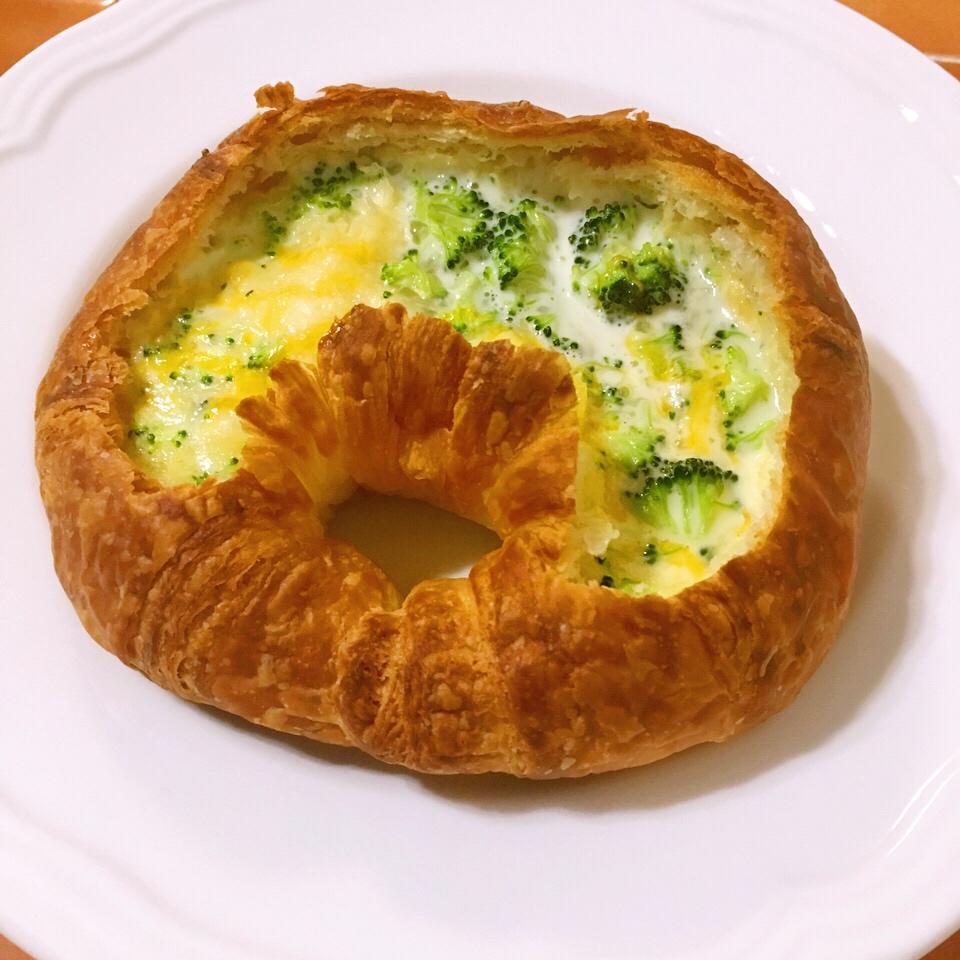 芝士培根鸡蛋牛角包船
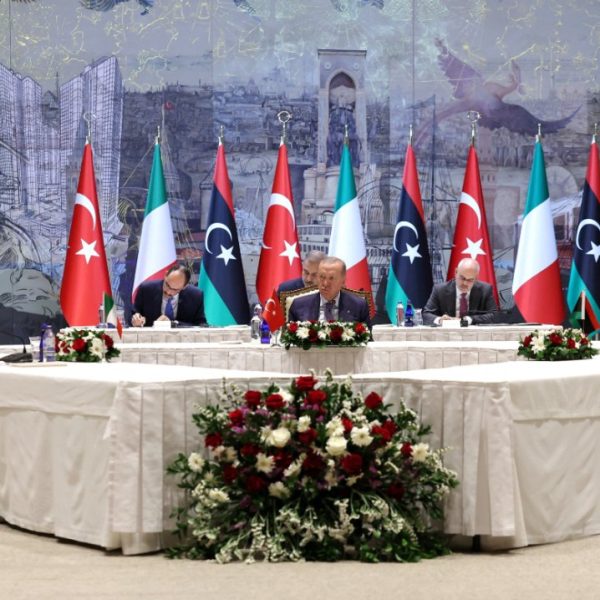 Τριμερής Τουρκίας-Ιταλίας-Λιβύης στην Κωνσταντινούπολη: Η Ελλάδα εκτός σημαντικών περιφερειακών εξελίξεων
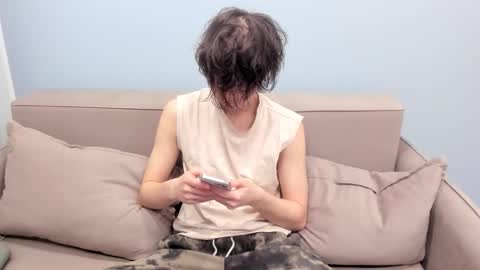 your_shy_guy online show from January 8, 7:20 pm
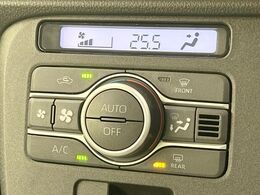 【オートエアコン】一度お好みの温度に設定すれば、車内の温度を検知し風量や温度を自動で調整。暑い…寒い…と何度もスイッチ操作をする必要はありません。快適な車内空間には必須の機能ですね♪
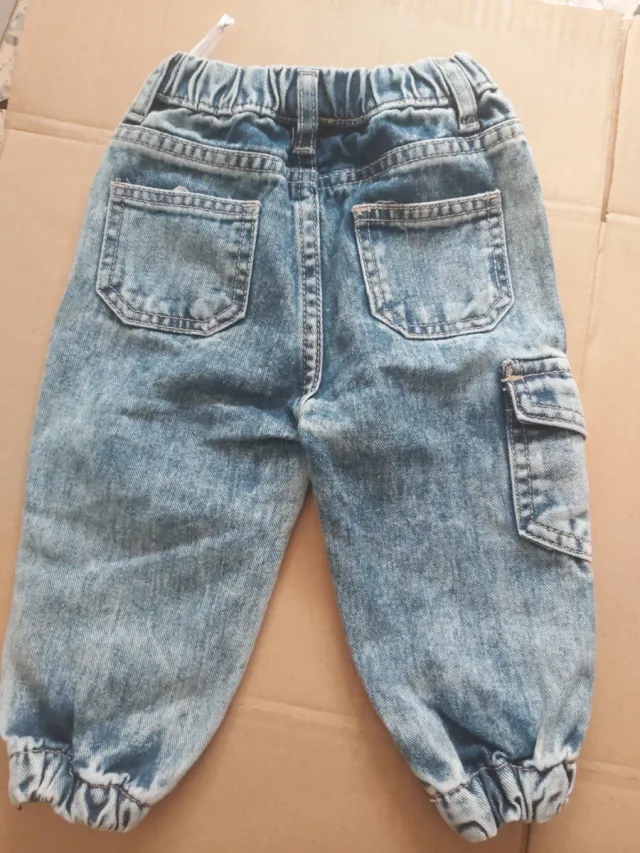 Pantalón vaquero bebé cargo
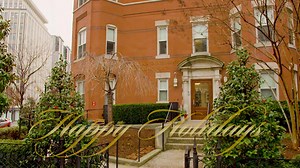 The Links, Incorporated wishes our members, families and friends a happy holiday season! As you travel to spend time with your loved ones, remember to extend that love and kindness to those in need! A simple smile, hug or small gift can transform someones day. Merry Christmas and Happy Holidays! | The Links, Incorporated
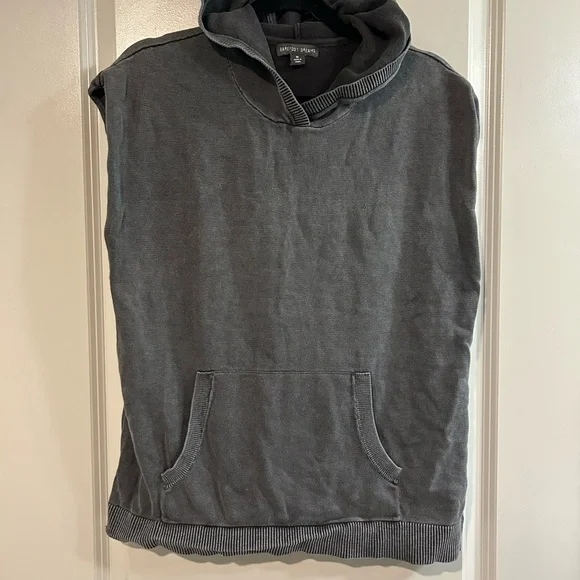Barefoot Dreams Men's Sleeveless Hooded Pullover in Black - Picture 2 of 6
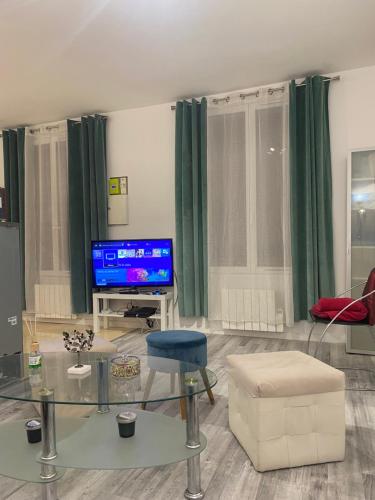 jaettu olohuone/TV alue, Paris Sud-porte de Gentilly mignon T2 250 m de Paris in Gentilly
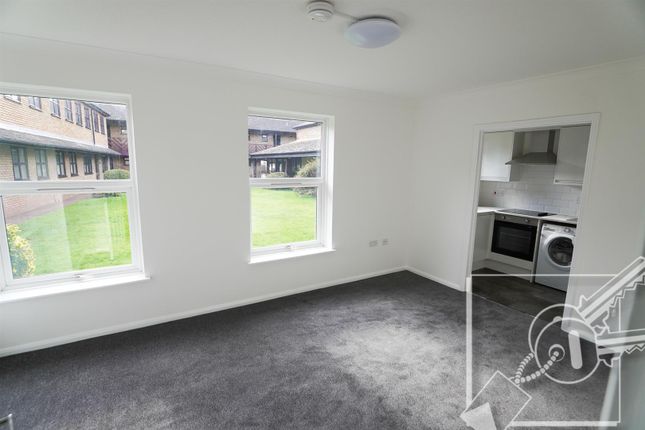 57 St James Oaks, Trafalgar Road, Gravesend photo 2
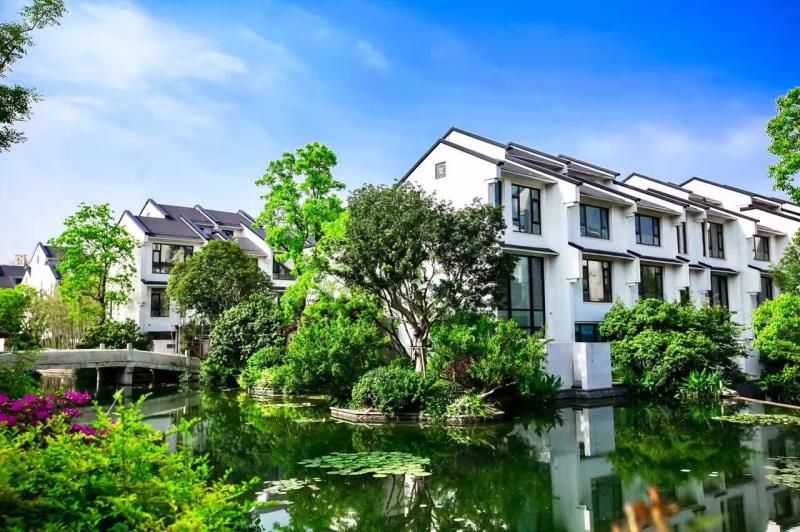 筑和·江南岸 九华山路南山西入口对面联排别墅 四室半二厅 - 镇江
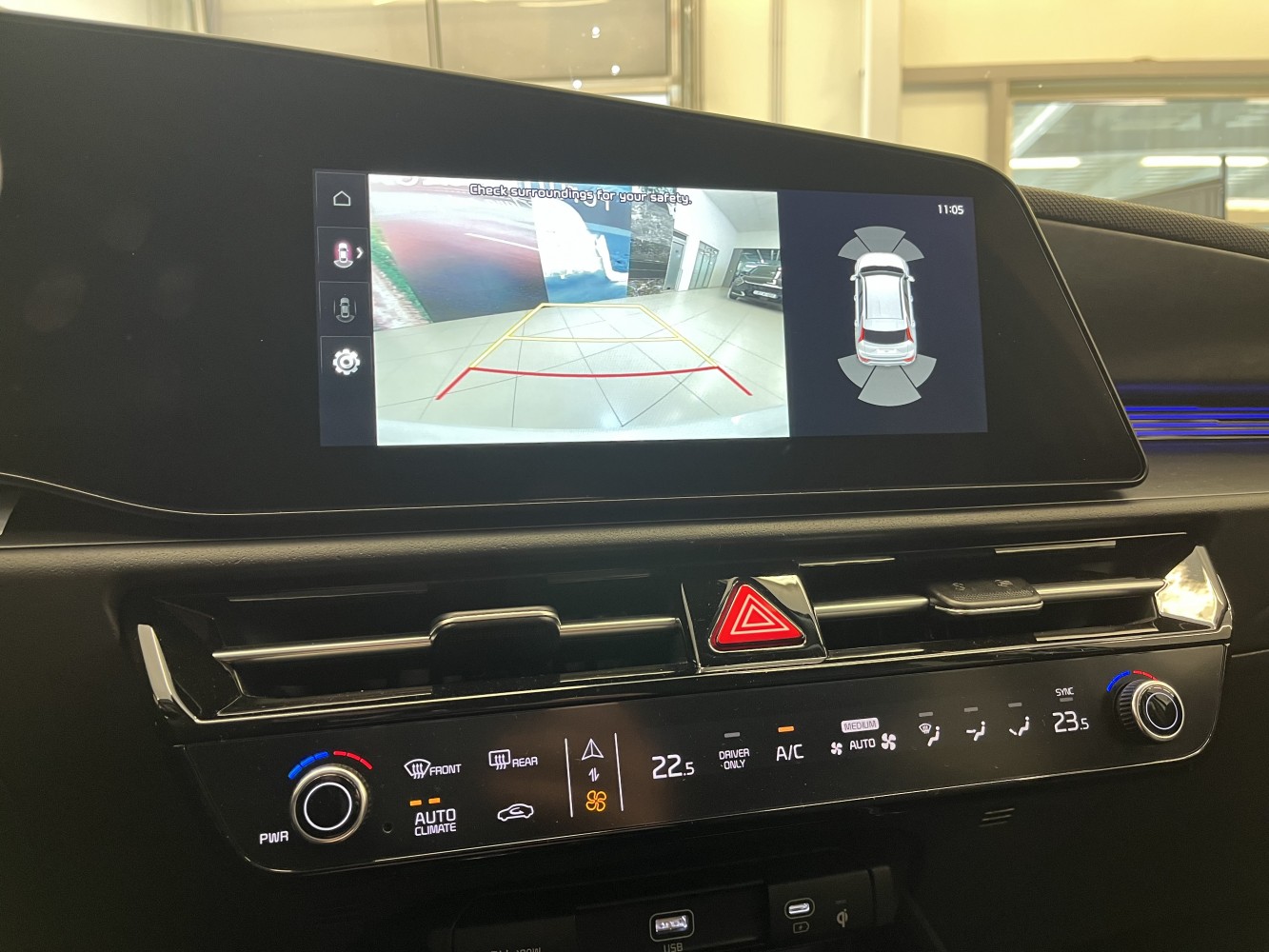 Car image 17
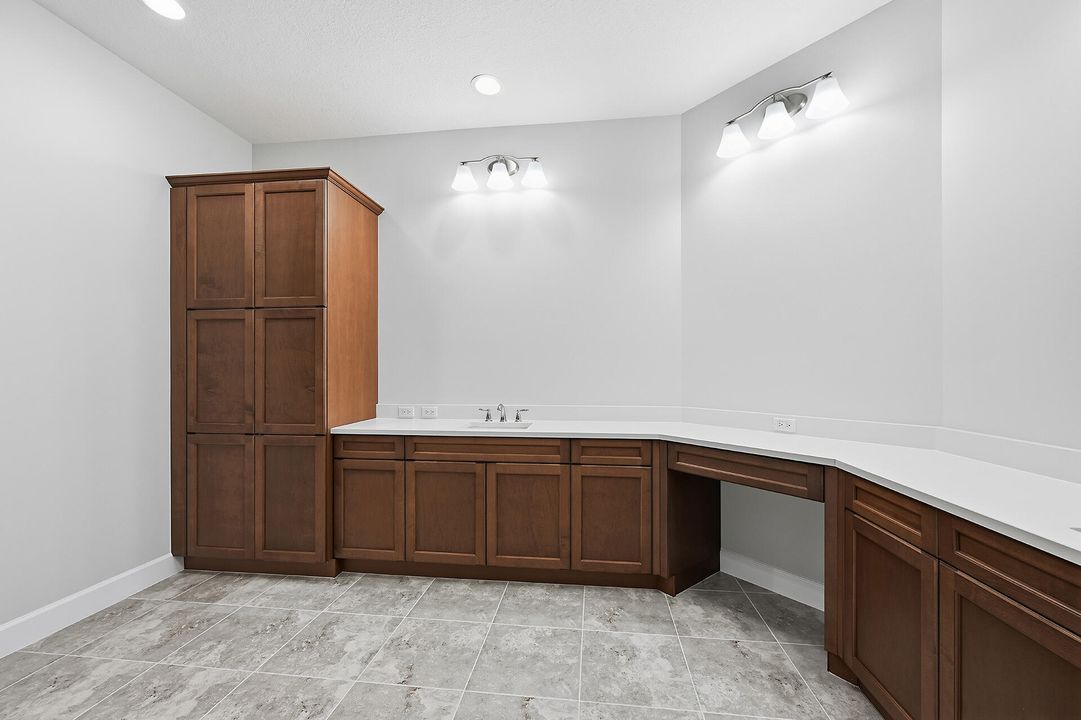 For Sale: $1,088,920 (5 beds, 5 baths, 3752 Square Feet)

_ _ _ _

The records above should be duplicated exactly, with none of their pictures kept.

SOLUTION TO THIS EXERCISE:
 芝士培根鸡蛋牛角包船
 Τριμερής Τουρκίας-Ιταλίας-Λιβύης στην Κωνσταντινούπολη: Η Ελλάδα εκτός σημαντικών περιφερειακών εξελίξεων
 your_shy_guy online show from January 8, 7:20 pm
 【オートエアコン】一度お好みの温度に設定すれば、車内の温度を検知し風量や温度を自動で調整。暑い…寒い…と何度もスイッチ操作をする必要はありません。快適な車内空間には必須の機能ですね♪
 Pantalón vaquero bebé cargo
 The Links, Incorporated wishes our members, families and friends a happy holiday season! As you travel to spend time with your loved ones, remember to extend that love and kindness to those in need! A simple smile, hug or small gift can transform someones day. Merry Christmas and Happy Holidays! | The Links, Incorporated
Barefoot Dreams Men's Sleeveless Hooded Pullover in Black - Picture 2 of 6
 jaettu olohuone/TV alue, Paris Sud-porte de Gentilly mignon T2 250 m de Paris in Gentilly
 57 St James Oaks, Trafalgar Road, Gravesend photo 2
 筑和·江南岸 九华山路南山西入口对面联排别墅 四室半二厅 - 镇江
 Car image 17
 For Sale: $1,088,920 (5 beds, 5 baths, 3752 Square Feet)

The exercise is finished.